Akhilesh Pratap Shahi

Posted on Jan 19

Apache Spark Installation

#spark #installation #java #python

Each step is important when you are learning new things. When you are learning new technology, setting up its environment is important so that you can practice effectively; we call it a "baby step".
Installing Apache Spark involves a few key steps like ensuring the prerequisites are installed and then downloading, extracting and configuring the spark binaries for your specific operating system.
Apache Spark runs on the Java Virtual Machine (JVM), so the Java Development Kit (JDK) is a requirement. Hey, don't panic! Installing the JDK doesn't mean you have to code in Java. It simply provides the JVM, creating the necessary runtime environment that Spark needs to execute its tasks.

Prerequisites

1. Java

Spark requires Java 8 or 11 to be installed, make sure that your system works on either one of these.

My suggestion is to go with Java 8 because:

Hadoop 3.0.x and 3.2.x only support Java 8
Hadoop 3.3+ supports Java 8 and 11 (runtime only)

Check Java version:

java -version

If not installed:

sudo apt install openjdk-8-jdk -y # Change according to your choice of version

2. Minimum System Requirement

OS (Operating System): Ubuntu 20.04 or 22.04 https://ubuntu.com/download
RAM: 4GB (Recommended 8GB)
Disk: 20GB free space
CPU: 2 cores

To create this setup in your windows firstly we have to create a Virtual Environment using wsl.

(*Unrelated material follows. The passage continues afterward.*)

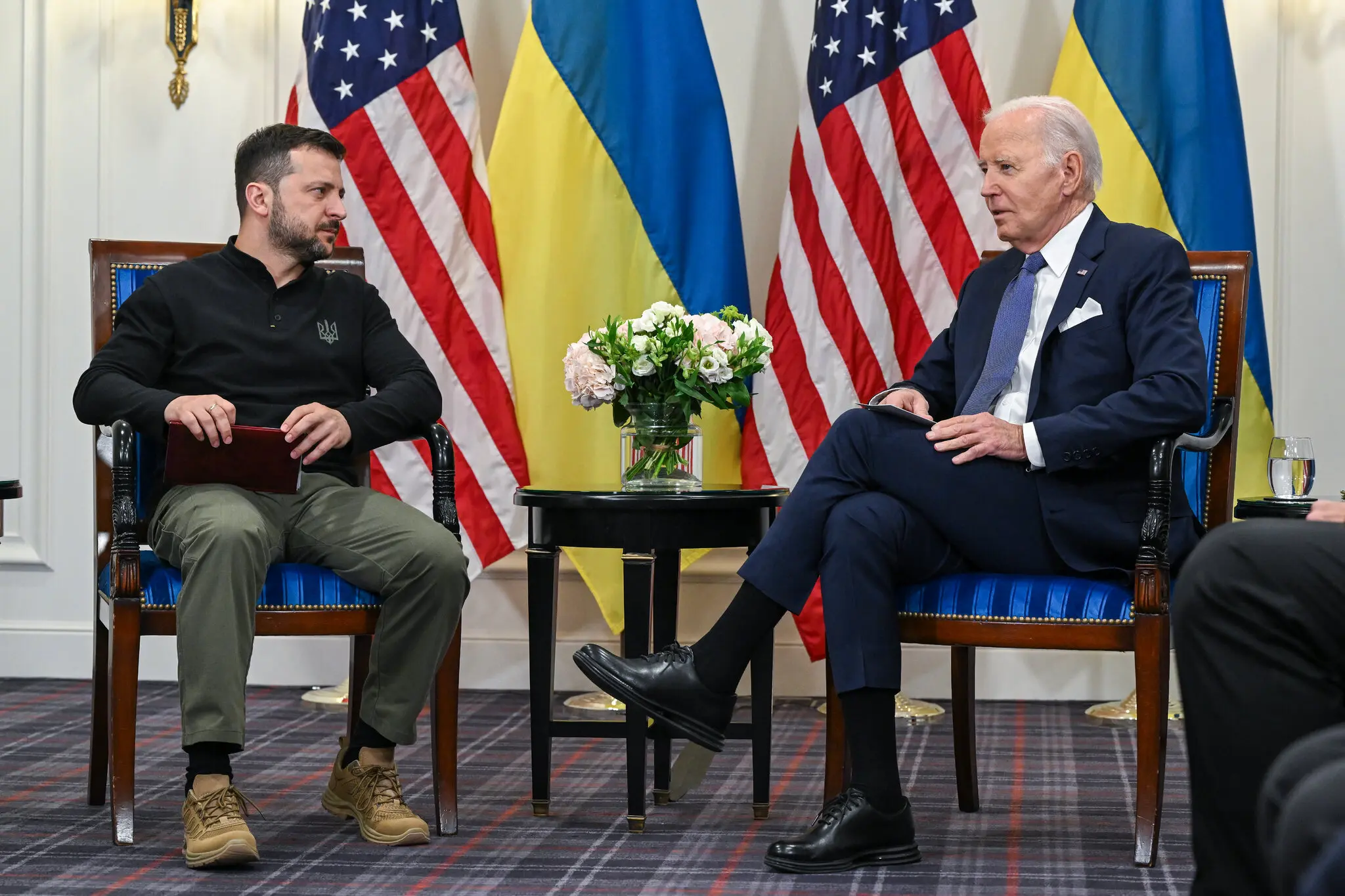 Президент України Володимир Зеленський і президент Байден у п'ятницю в Парижі.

If you want the installation guide for Mac drop comment will be coming up with mac set up

3. Python (For PySpark)

Required: Python 3.7+

Check versions:

python --version
pip3 --version

If not installed:

sudo apt install python3 python3-pip -y

4. SSH (Mandatory for Hadoop)

Hadoop daemons require passwordless SSH, even on a single machine.

Check SSH:

ssh localhost

If not installed:

sudo apt install openssh-server -y

5. Linux Utilities (Required)

Install basic tools:

sudo apt install -y \
wget \
curl \
rsync \
vim \
nano \
net-tools \
procps

Why:

rsync: Hadoop file sync
procps: jps
net-tools: network checks

6. Environment Variables

(We will be sorting this out together)

7. Browser (For UIs)

Any browser of your choice will work:

chrome
safari
firefox

8. Permissions

You must:

Have sudo access
Be able to write to /opt

NOTE:

Run the commands below. If all of them pass, we are ready to move forward with the installation of Hadoop + Spark.

java -version
python3 --version
ssh localhost
sudo ls /opt

LET's START FOR WHAT WE ARE HERE ACTUALLY

STEP 1

Install & Configure Hadoop (Single Node Cluster)

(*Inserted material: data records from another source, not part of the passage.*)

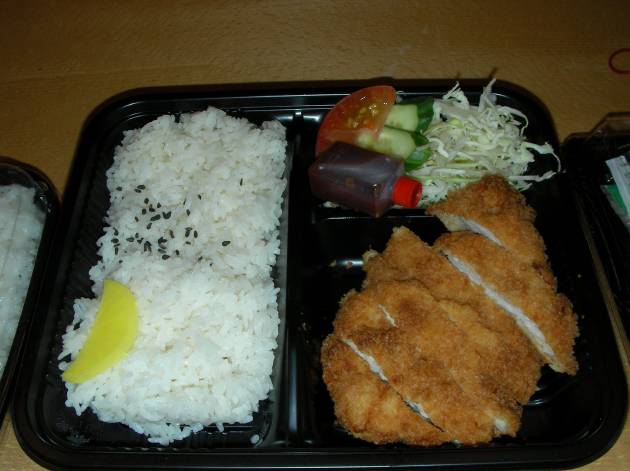 明治屋で購入した弁当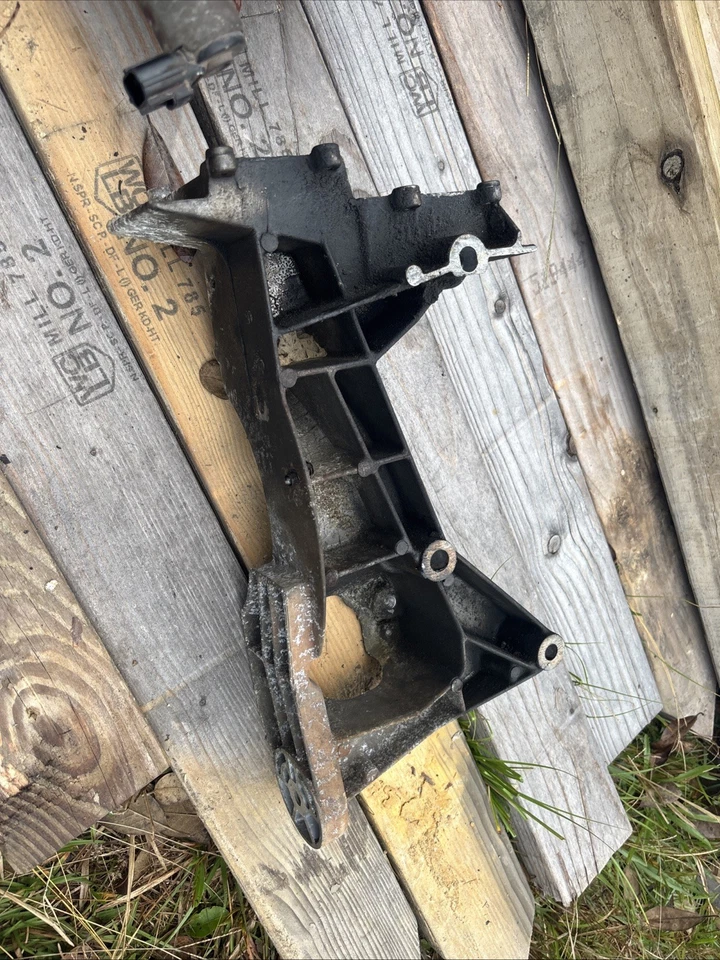 Ford Ranger 2.3L Alternator / Power Steering Bracket (1995–1997) - Image 3 of 4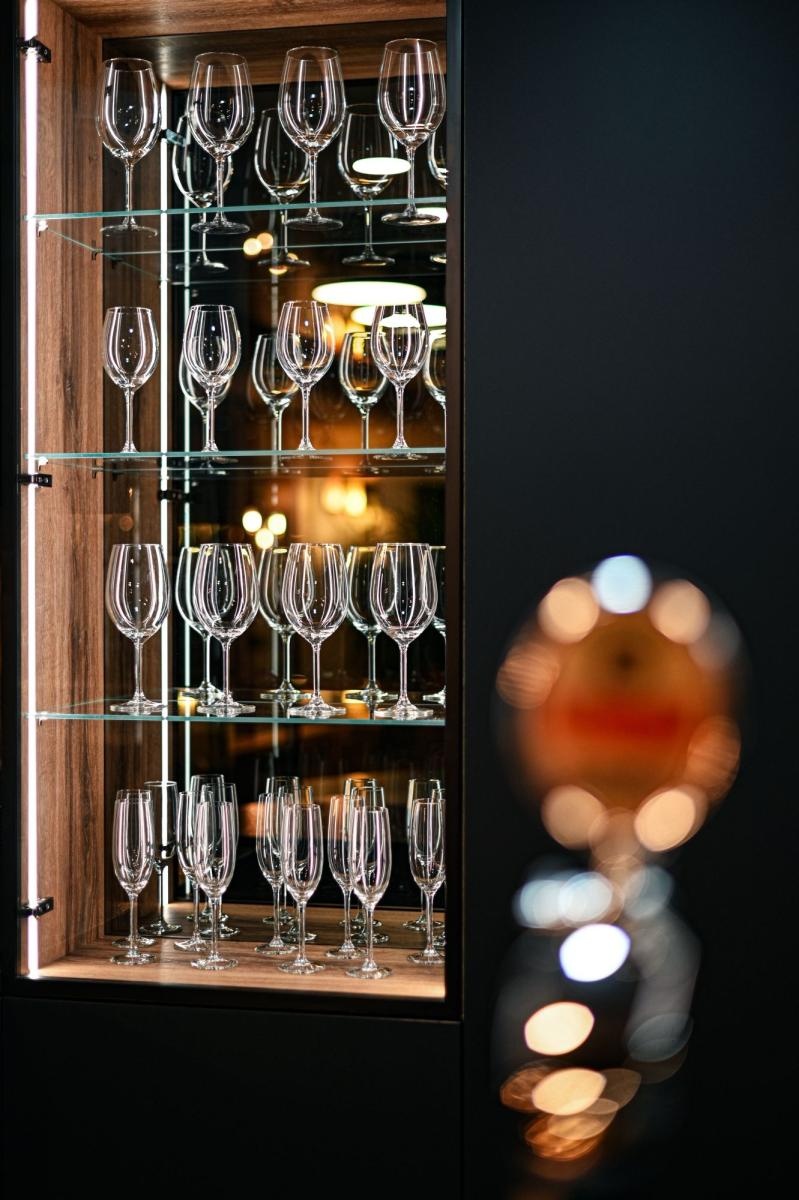 Zdjęcie w galerii na portalu naszraciborz.pl: Restauracja VENA wraca w nowej odsłonie. Zobaczcie wnętrza i menu wiadomości z regionu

1. Setup Passwordless SSH (Mandatory)

What's the use for this?
Hadoop uses SSH to

Start Daemons
Stop Daemons
Manage Nodes (even localhost)

"Even on one machine Hadoop behaves like a cluster"

This is very common question to ask, and you might be thinking the same; why passwordless if we can use password? Well let me tell you this you can enter the password what about your machine; don't mind me here but your machine is dumb, dumber than you think it won't be able to enter the password and we want this dumb thing to get the access that's why we say "Comm'mon you dumb, take this passwordless access and leave me alone". So, Daemons cannot enter password because this dude is dumb.
We have to generate the SSH keys and allow localhost login

ssh-keygen -t rsa -P "" -f ~/.ssh/id_rsa

The above command will create to keys id_rsa (Private key) and id_rsa.pub (public key)
Now we have to authorize it:

cat ~/.ssh/id_rsa.pub >> ~/.ssh/authorized_keys
chmod 600 ~/.ssh/authorized_keys

Here we are done with this, now we have to test if it login without password voila we have achieved it our SSH layer is ready to go

ssh localhost

2. Download Hadoop

We will be downloading the hadoop, when i say hadoop don't take it as a simple program it is a set of Java Services which includes.

HDFS
YARN
MapReduce(Runtime)

We will be keeping all third party software at location /opt to keep our system clean and sorted.

cd /opt
sudo wget https://downloads.apache.org/hadoop/common/hadoop-3.3.6/hadoop-3.3.6.tar.gz
sudo tar -xvzf hadoop-3.3.6.tar.gz
sudo mv hadoop-3.3.6 hadoop

(https://downloads.apache.org/hadoop/common/) This has all the possible options for version of Hadoop. Pick which ever you find best for your work. If you want current stable version go inside stable folder and copy hadoop-x.x.x.tar.gz path and run the above command.

change the ownership:

sudo chown -R $USER:$USER /opt/hadoop

3. Environment Variable

As I have told you before your machine is dumb so it won't be able to find the hadoop, binaries, config files. So we set the environment variable so that we can tell linux.

Where Hadoop is Installed
Where its Binary File lives
Where config files live

make sure you have VS code installed. Will be easier for you to manage things going forward, if you have any IDE installed. My preference is with VSCode so I am suggesting VSCode.

Variable	Purpose
HADOOP_HOME	Hadoop root directory
HADOOP_CONF_DIR	Hadoop XML configuration files
PATH	Run `hadoop`, `hdfs`, `yarn`

cd ~

Here you will find a file named as .bashrc this file actually contains all the environment variable and command that should run at the startup time.

Open .bashrc in VSCode.

in the last of the file add below commands.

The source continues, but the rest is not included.